Porquê a desconfortável 'complicação' matemática? Porque é na demonstração matemática, onde se evidenciam as complicações, que ao engenho e raciocínios do homem é exigido o esforço maior. É na inutilidade aparente de uma demonstração matemática que se procura enquadrar um problema com toda a sua generalidade. E quanto maior for a generalidade, geralmente maior é a complexidade do engenho e dos raciocínios a empregar.
Ora uma receita geral, por definição, enquadra qualquer receita particular. E são receitas particulares aquelas com que o estudante das ciências aplicadas terá de se confrontar ao longo da sua vida profissional.
Por conseguinte,  quanto mais tempo o estudante tiver gasto na sua juventude à volta das 'inutilidades matemáticas', mais facilmente resolverá problemas práticos na sua futura profissão.
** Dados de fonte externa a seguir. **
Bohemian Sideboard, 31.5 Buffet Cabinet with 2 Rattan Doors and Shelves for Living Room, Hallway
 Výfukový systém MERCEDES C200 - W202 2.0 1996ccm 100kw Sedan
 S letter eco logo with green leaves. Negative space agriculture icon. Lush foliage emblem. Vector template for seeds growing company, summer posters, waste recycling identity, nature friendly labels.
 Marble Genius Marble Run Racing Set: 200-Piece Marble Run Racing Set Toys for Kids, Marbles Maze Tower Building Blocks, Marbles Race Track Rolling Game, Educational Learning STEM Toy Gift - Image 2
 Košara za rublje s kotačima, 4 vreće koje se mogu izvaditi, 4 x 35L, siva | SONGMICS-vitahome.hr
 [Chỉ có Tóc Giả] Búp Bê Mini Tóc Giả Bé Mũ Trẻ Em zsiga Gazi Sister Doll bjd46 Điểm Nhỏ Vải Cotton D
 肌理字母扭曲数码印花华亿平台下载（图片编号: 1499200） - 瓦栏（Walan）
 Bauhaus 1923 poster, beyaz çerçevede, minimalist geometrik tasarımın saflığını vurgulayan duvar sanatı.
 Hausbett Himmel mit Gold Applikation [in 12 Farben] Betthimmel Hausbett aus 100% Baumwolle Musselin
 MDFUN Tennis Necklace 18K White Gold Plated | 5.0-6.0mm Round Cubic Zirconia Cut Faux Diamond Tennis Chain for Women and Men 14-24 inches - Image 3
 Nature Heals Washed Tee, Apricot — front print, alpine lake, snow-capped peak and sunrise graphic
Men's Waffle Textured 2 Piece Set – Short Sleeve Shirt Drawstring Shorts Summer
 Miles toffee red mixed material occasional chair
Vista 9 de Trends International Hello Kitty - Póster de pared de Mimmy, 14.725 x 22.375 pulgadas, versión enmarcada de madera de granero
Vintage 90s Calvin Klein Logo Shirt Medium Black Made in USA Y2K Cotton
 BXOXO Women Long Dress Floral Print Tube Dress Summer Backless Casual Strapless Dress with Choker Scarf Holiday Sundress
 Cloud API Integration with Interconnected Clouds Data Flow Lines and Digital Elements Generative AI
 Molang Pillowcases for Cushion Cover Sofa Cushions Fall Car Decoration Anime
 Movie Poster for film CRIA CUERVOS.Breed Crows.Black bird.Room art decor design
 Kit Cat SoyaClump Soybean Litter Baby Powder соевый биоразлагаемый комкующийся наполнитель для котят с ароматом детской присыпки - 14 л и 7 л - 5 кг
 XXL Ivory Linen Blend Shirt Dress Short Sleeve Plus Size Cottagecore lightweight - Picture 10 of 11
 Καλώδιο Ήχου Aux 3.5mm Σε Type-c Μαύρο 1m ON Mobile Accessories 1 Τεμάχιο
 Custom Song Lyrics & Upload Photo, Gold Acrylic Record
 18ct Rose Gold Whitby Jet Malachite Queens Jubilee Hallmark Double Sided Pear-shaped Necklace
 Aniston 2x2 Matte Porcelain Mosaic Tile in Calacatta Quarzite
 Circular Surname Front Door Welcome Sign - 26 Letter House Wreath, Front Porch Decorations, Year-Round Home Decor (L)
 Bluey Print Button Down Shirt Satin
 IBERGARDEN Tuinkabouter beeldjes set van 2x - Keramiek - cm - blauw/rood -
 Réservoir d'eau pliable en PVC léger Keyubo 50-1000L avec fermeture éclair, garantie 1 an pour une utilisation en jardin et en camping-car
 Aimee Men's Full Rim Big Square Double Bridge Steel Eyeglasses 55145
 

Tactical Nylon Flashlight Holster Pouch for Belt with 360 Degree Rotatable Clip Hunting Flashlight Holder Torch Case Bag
Por aqui se poderá pois concluir que na aprendizagem das criancinhas a matemática deve estar em lugar cimeiro.
A matemática não tem que ser necessariamente cool, tal como acontece na vida do homem comum obrigado a lidar mais com sofrimentos e menos com prazeres.

 

Fim de transcrição.


A mim me parece que o raciocínio matemático é um entre outros; e que o fruto dos raciocínios, para ser comunicado, precisa muitas vezes de linguagem não-matemática, donde a importância das línguas.

Poria portanto as línguas (a Pátria e a veicular dos nossos dias) a par da Matemática. E como raciocinar bem e comunicar bem não chega - é preciso ainda ter alguma coisa para dizer - a isto acrescentaria umas boas bases de História, sem a qual não entendemos o presente, a Geografia, sem a qual não entendemos a História, a Física, a Química e as Ciências da Natureza, sem as quais não entendemos o Mundo físico, e a Filosofia, para percebermos porque razão não percebemos nada.

Nuno Crato é matemático e estudioso das ciências da educação, seja lá isso o que for, pelo que é legítimo esperar que tenha sobre matérias curriculares ideias, hum ... matemáticas.

Pode bem ser que da sua passagem pelo Ministério fique, no meio das salgalhadas corporativas, da pedagogia modernaça, do facilitismo igualitário e dos interesses ocultos da máquina alucinada que comanda - algum bem.